Huir. Huir lejos y no participar de un crimen. Este es el sentimiento común que ha movido a miles de ciudadanos rusos —437 en España, según los últimos datos del Ministerio del Interior— a dejar su país y buscar asilo político, especialmente tras la brutal invasión a Ucrania que inició el presidente Vladímir Putin el pasado 24 de febrero. Las de María, Dimitri, Vilen e Iván son cuatro historias que reflejan la claustrofobia, los miedos y la presión que sentían en Rusia y los diferentes motivos que les empujaron a dejar sus familias, sus hogares y sus trabajos para empezar otra vida en otro lugar con más libertad. Lejos también de las amenazas de prisión, de la homofobia y del ejército de Putin.

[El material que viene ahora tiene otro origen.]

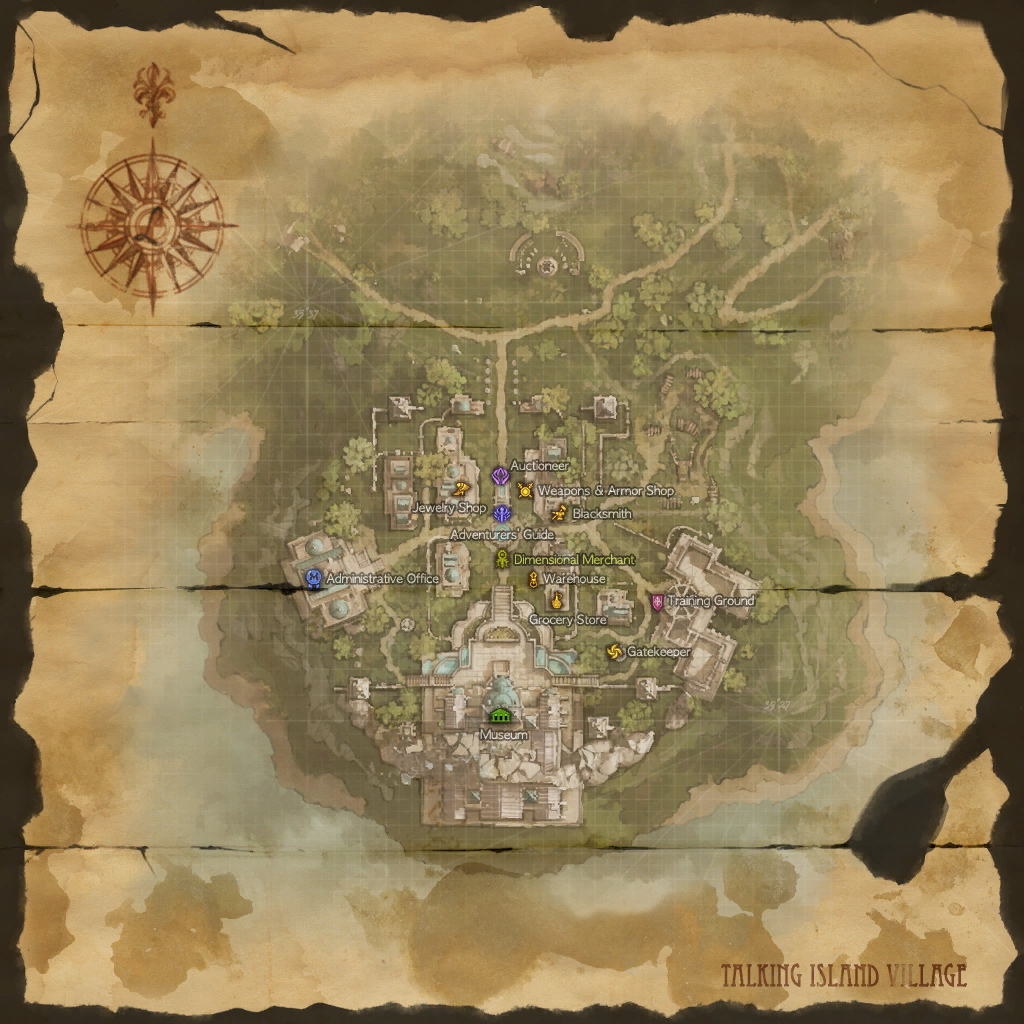 lonely island ruins dark dawn map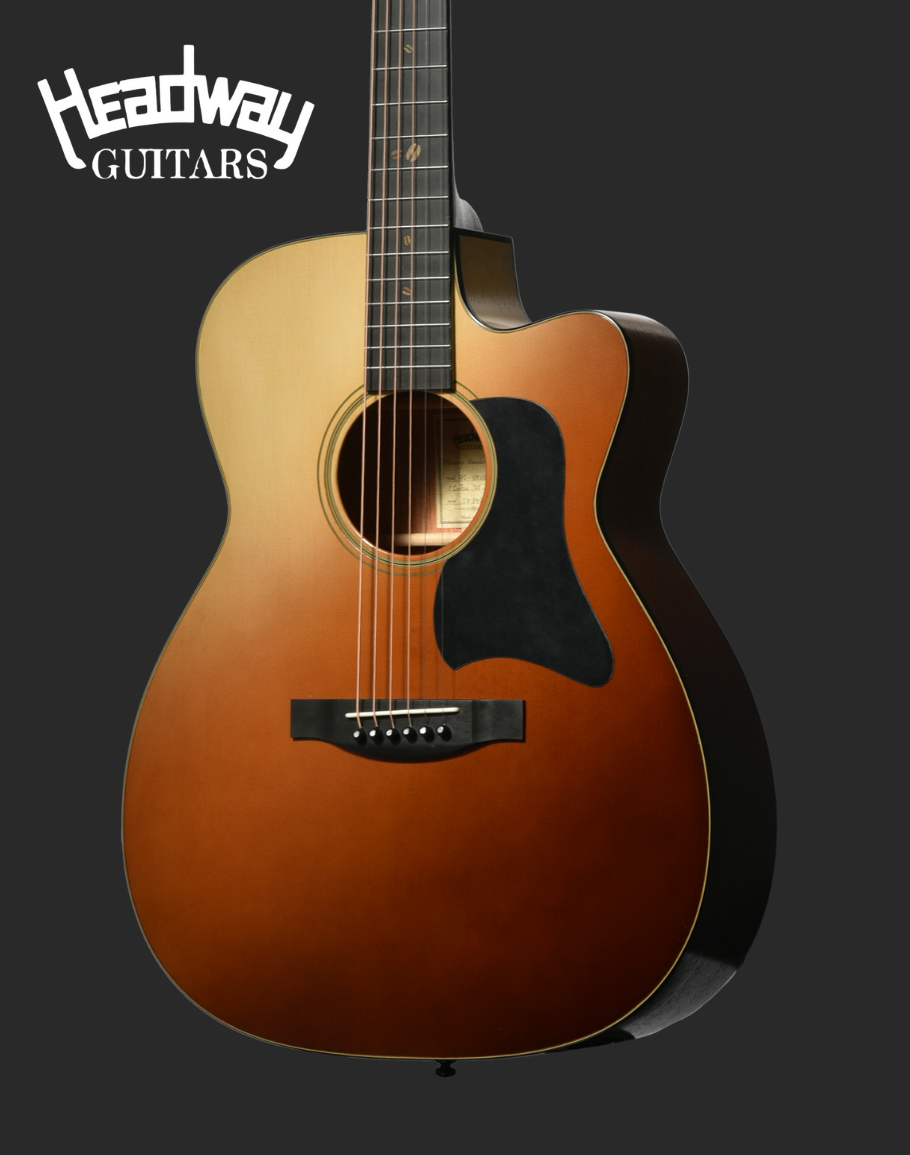 Headway Acoustic Guitar HC-URUSHI/Coffee'25/STD CLG – Davis Guitar Headway Acoustic Guitar HC-URUSHI/Coffee'25/STD CLG – Davis Guitar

Vilen lleva desde los 19 años “luchando contra la política rusa y la política de Putin”, recordaba el pasado lunes desde un parque en la zona norte de Madrid al que llegó algo ruborizado. Original de Krasnodar, en el suroeste de Rusia, este solicitante de asilo tiene hoy 25 años. Llegó a España junto a su novio el pasado junio huyendo del ejército, pero también superado por la homofobia que sufría en Rusia. “El día que me fui [12 de junio] fue muy triste. Fui a ver a mi abuela; mi madre no me soltaba la mano. Se preguntaba por qué me tenía que ir tan lejos. También me despedí de mis hermanos. Hubo lágrimas y muchos abrazos”, recuerda el joven con una sonrisa nerviosa. Aunque entendía los motivos que movían a Vilen a dejar Rusia, su madre le agarraba mientras le suplicaba que se marcharan a un país un poco más cercano, como Armenia o Georgia, pero él no quería. “Allí hay una homofobia muy fuerte”, se lamenta. Por eso, con la ayuda económica de la madre de su novio, eligió Madrid para empezar una vida, ciudad a la que llegó en avión a través de Ereván, la capital de Armenia, y Varsovia. “Fue un día muy duro. Entendí que a partir de entonces ya no sabría cuándo podría volver a ver a mi familia”, recuerda resignado, pero agradecido al apoyo que ha encontrado a su llegada, como el de la activista que les acogió en su casa o la Comisión Española de Ayuda al Refugiado (CEAR), que les ayuda, como a otros solicitantes de asilo, con la burocracia para conseguir la protección internacional y que ha facilitado la realización de este reportaje.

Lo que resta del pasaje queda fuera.